Computer Registers and Common Bus System

Jun 7, 2024

Lecture: Computer Registers and Common Bus System

Overview

To design a basic computer, a minimum number of essential registers is required. This lecture covers the processor registers necessary for such a system, their roles, sizes, and key signals associated with them.

Processor Registers

  1. Program Counter (PC)

    • Size: 12 bits
    • Function: Holds the address of the next instruction to be executed.

  2. Address Register (AR)

    • Size: 12 bits
    • Function: Holds the address of a memory location; points to memory.

  3. Instruction Register (IR)

    • Size: 16 bits
    • Function: Holds the instruction code.

  4. Temporal Register (TR)

    • Size: 16 bits
    • Function: Holds temporary data generated during certain micro-operations; used in call/return of subroutines.

  5. Data Register (DR)

    • Size: 16 bits
    • Function: Holds memory operands/data fetched from memory.

  6. Accumulator (AC)

    • Size: 16 bits
    • Function: Stores intermediate results of arithmetic/logic operations.

  7. Output Register (OUTR)

    • Size: 8 bits
    • Function: Holds the output character to be sent to the output device.

  8. Input Register (INPR)

    • Size: 8 bits
    • Function: Holds input character from an input device; operates asynchronously.

Memory

  • Size: 4096 words, each of 16 bits

Signals for Registers & Memory

  1. Memory

    • Signals: Read, Write

  2. Registers

    • Signals: Load, Increment (INR), Clear
    • Registers with Load, Increment, Clear: AR, PC, DR, AC
    • Registers with Load only: IR, OUTR
    • Special Case: INPR does not need any of these signals as it is connected directly to the input device and operates asynchronously.

Common Bus System

  • A bus system used to connect memory and registers through specific arrangements and signals.
  • Key Registers/Memory Connections:
    • Registers/Memory are connected via a bus and provided with clock signals for synchronization.
    • Outputs from AR directly connected to memory.
    • Inputs to registers (except AC and INPR) come from the bus.

Arithmetic and Logic Unit (ALU)

  • Inputs:
    • From DR
    • From AC
    • From INPR
  • Outputs:
    • To AC

Extra (E) Bit

  • Purpose: Stores carry or overflow bits generated during arithmetic operations; used as an overflow flag.

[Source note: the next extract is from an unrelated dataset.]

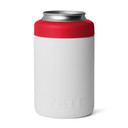 Back Image of the White Yeti Rambler 12 oz. Colster 2.0 with Colored-Matched Gasket.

Multiplexing via Bus Select Lines

  • Multiplexing Signals: S2, S1, S0
    • Based on these lines, data from specific registers can be transferred to the bus.

Example: Transferring Data from Memory to Accumulator

  1. Load Memory Data to Bus:
    • Set select lines (S2, S1, S0) to 111 to transfer memory data to the bus.
  2. Load Bus Data into Data Register (DR):
    • Enable load signal for DR.
  3. Transfer Data from DR to Accumulator (AC):
    • Set select lines to 011 to transfer data from DR to the bus.
    • Data from DR also moves to the ALU, which then outputs to AC upon enabling the load signal for AC.
  • Note: This method involves intermediate steps for data transfer due to the absence of a direct path from memory to AC.

Conclusion

Understanding the arrangement and functionality of registers and their connection via a common bus system is crucial for designing a basic computer.